The chiefs were staunchly royalist and this brought them into conflict with the Campbells to whom they were in debt. Their clansmen had no option but to fight against Montrose at the battle of Inverlochy in 1645 when the forces of the Earl of Argyll were routed and took heavy casualties. About that time many MacNachtans shifted east, still within the domains of the Campbells, to Loch Tay. It may be that some MacNachtons were there already since a member of the clan anciently held the post of toiseach of Fortingall. This was a pre-feudal judicial post under the King. Local tradition says that this family arrived from Invernesshire in the late 12th century.

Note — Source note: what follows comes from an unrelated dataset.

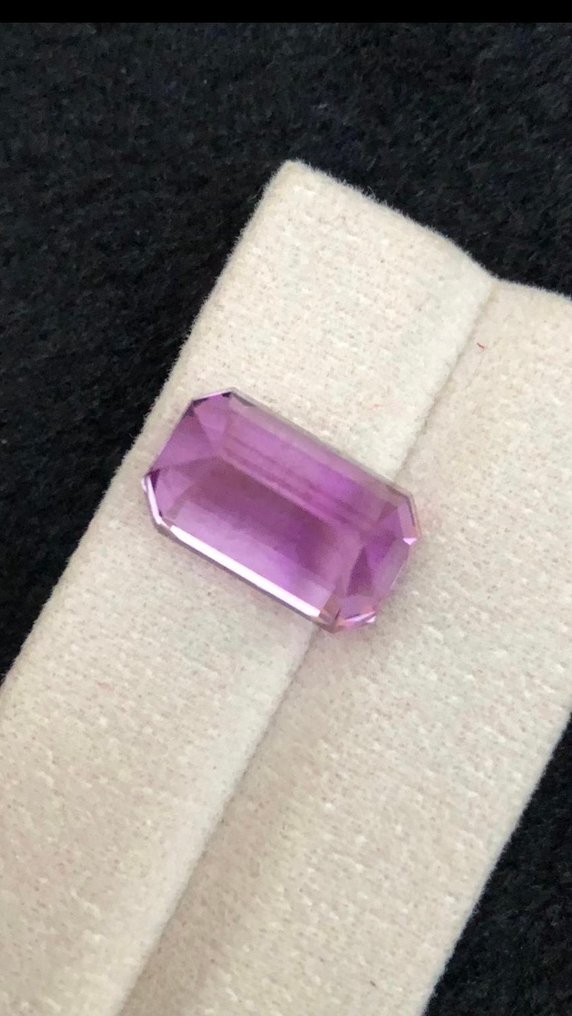 χωρίς τιμή ασφαλείας - 1 pcs Μωβ, Ροζ Κουνζίτης - 14.67 ct - Διεθνής Ένωση Έγχρωμων Πολύτιμων Λίθων (ICA GemLab) #2.1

Colonel John was a favourite of Charles II and the king paid for his burial at the Chapel Royal in Whitehall. His son, another John, raised the clan for James VII and took part in the battle of Killiecrankie in 1689. The Scots Parliament forfeited his estates in 1690 and they were lost forever. A remarkable tale comes from the Rising of 1745. James Menzies of Culdares sent a fine horse as a gift for Prince Charles on his advance through England. It was delivered by his servant of John MacNachton from Glen Lyon. He was captured, taken to Carlisle, tried and condemned. He was offered a pardon if he would name his master. When brought out for execution, he was again pressed to inform on his master. He asked if they were serious in supposing him such a villain. If he did what they desired, and forgot his master and his trust, he could not return to his native country, as he would be despised and hunted out of the Glen. Accordingly, he kept steady to his trust, and
was executed.
The last chief of the direct line was John MacNachton of MacNachtan. Inherited debt forced him to pass his ancestral lands of Dunderaw to the Campbells when he was 20. He became the much loved and much respected collector of Customs at Anstruther in Fife. He was a long-time elder of the Kirk and represented the Presbytery at the General Assembly of the Church of Scotland. And for 30 years until his death in 1773 he was sovereign of the gentleman’s club called the Beggar’s Benison. Only the top flight of society could join. Its purpose? To celebrate male sexuality. Masturbation was an important part of its rituals, as were bawdy songs, enjoying loose women and dirty jokes. It only proves the truth of L.P. Hartley’s aphorism ‘The past is a foreign country; they do things differently there.’